Instructions to follow
Your task is to reproduce, verbatim and without pictures, the lines from the opening of the listing through the line containing "JIMMY CHOO /".

*** Opening Input data ***

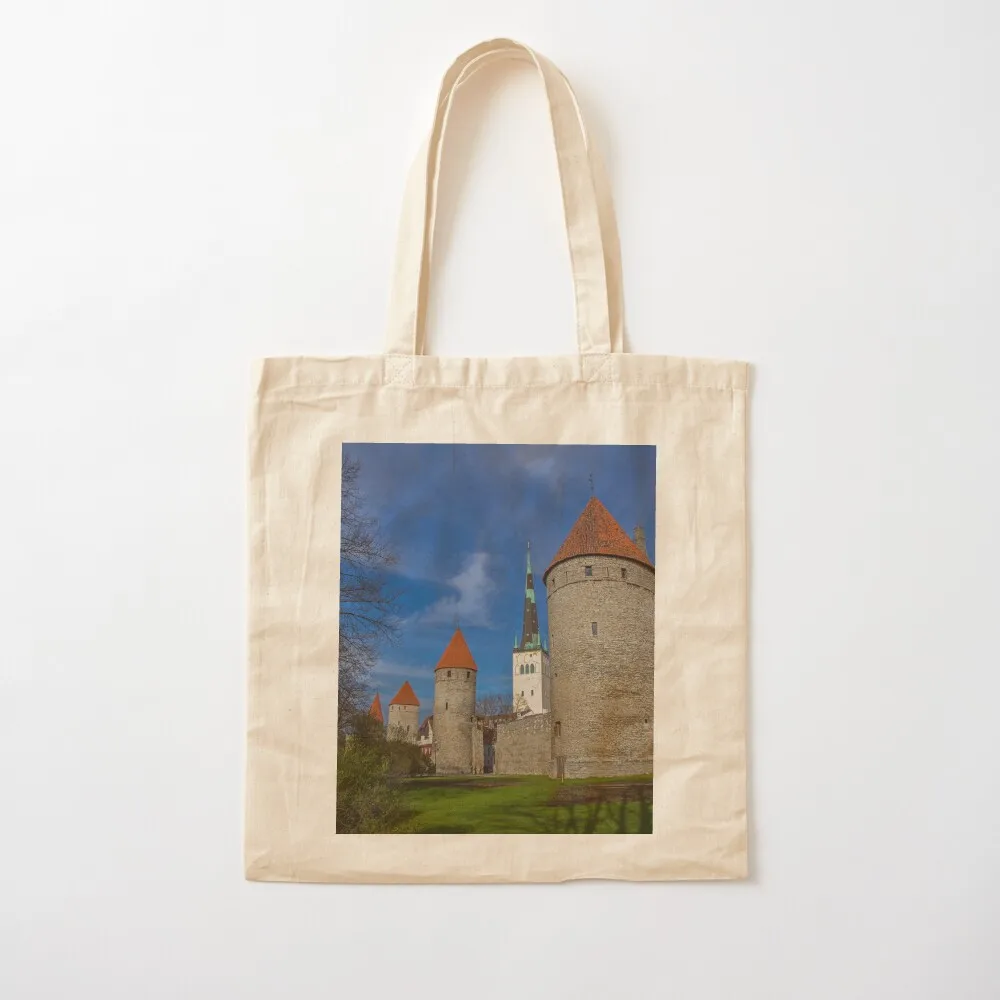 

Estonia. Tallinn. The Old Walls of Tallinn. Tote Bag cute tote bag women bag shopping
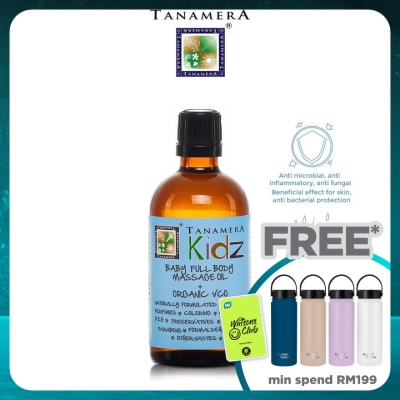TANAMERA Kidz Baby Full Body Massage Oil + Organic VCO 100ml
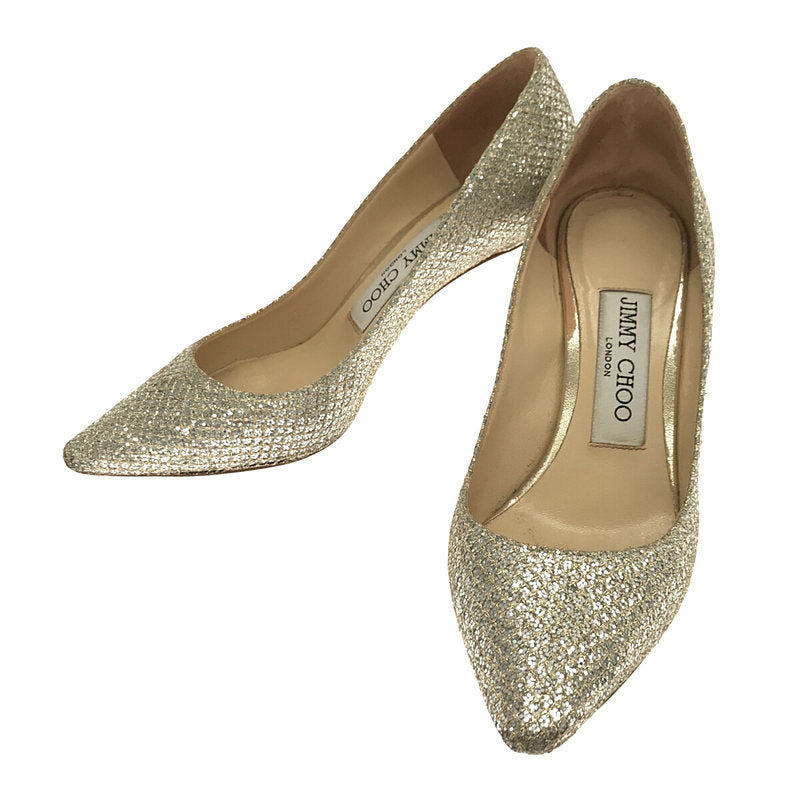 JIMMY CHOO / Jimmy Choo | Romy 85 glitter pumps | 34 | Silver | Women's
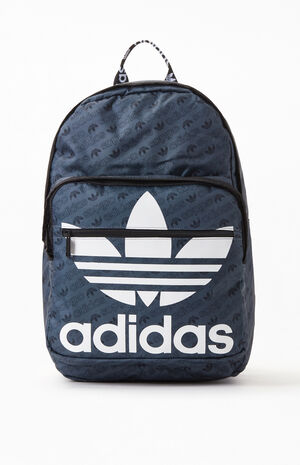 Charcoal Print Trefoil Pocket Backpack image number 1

*** Closing Input data ***

Written answer
Estonia. Tallinn. The Old Walls of Tallinn. Tote Bag cute tote bag women bag shopping
TANAMERA Kidz Baby Full Body Massage Oil + Organic VCO 100ml
 JIMMY CHOO / Jimmy Choo | Romy 85 glitter pumps | 34 | Silver | Women's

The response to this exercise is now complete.